[datatable-help] A new package multitable (data.list) remind me of a long existing feature request #202 and discussion thread

Fri Oct 7 23:17:39 CEST 2011

Thanks for the reminders; that's great. Your function that guesses
column types on the first N rows would be very useful as I was going to
have to write that. Any chance you could contribute it?

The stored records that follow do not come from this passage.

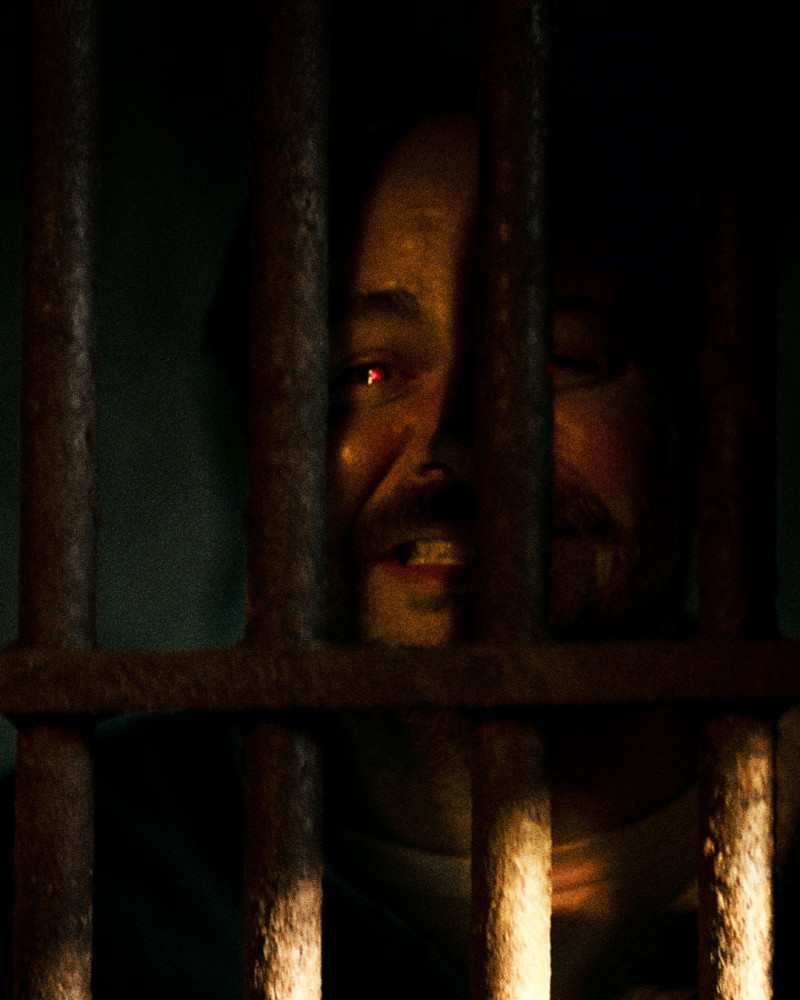 電影《厄靈鎮》以偽紀錄片形式上演超逼真的恐懼。（CATCHPLAY提供）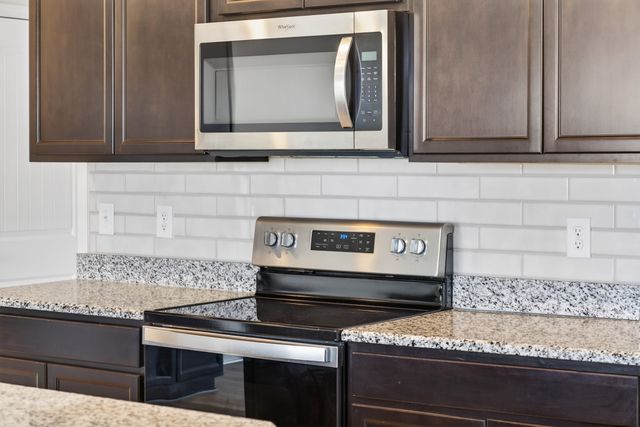 537 Spangler Ln, Ashland City, TN 37015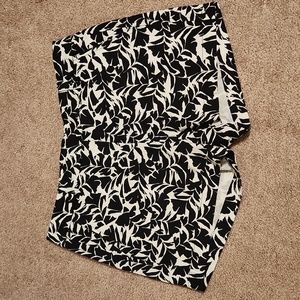 J. Crew black & white shorts, like new, size 6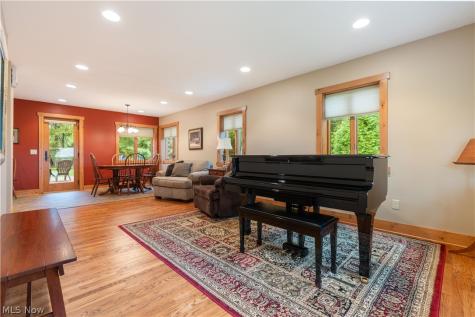 4724 Mayfair Road North Canton OH 44720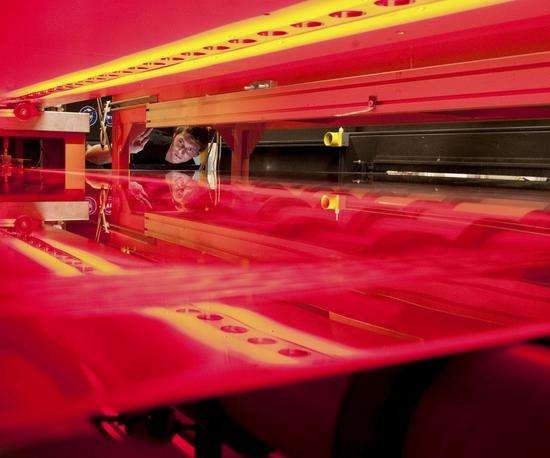 肖特浮法工艺30年创新路：从硼硅玻璃到智能设备应用(图5)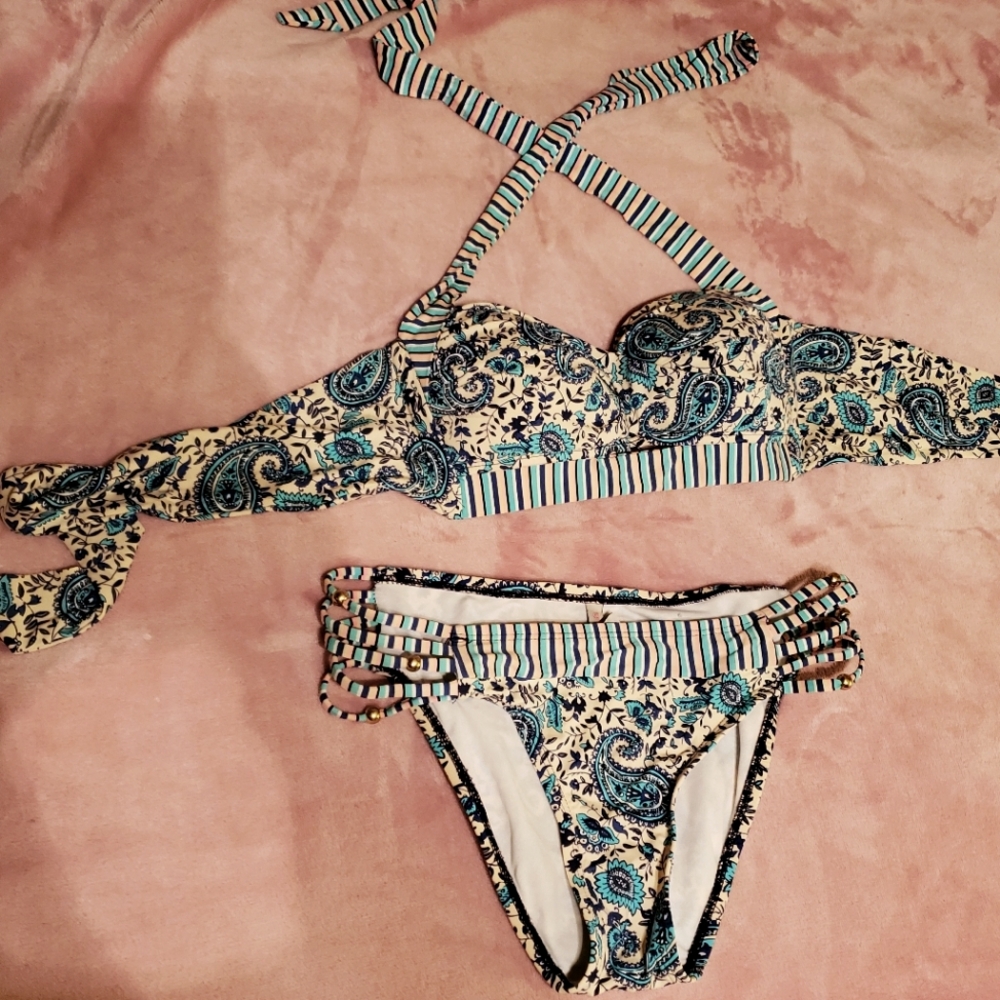 Cremieux Blue and Off-White Paisley Bralette Bikini Set Women's Swimwear Medium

> Also specifying a guess at number of rows (but I don't think that can
> be made generic)

Yes that's important. I'm planning to use the file size in bytes and
divide by the size in bytes of the first 10 rows to make a good guess
and add a 5% margin. dogroups already works in a similar way and grows
vectors efficiently if the guess turns out to be insufficient. Even if
the guess is insufficient (e.g. a lot of varying length character
strings), by the time it knows that it will have read most of the file
and be able to make just one single (much more accurate) guess to finish
off the load.

That should be faster than sweeping through the whole file counting \n
(what wc does, albeit very well on unix or cygwin only).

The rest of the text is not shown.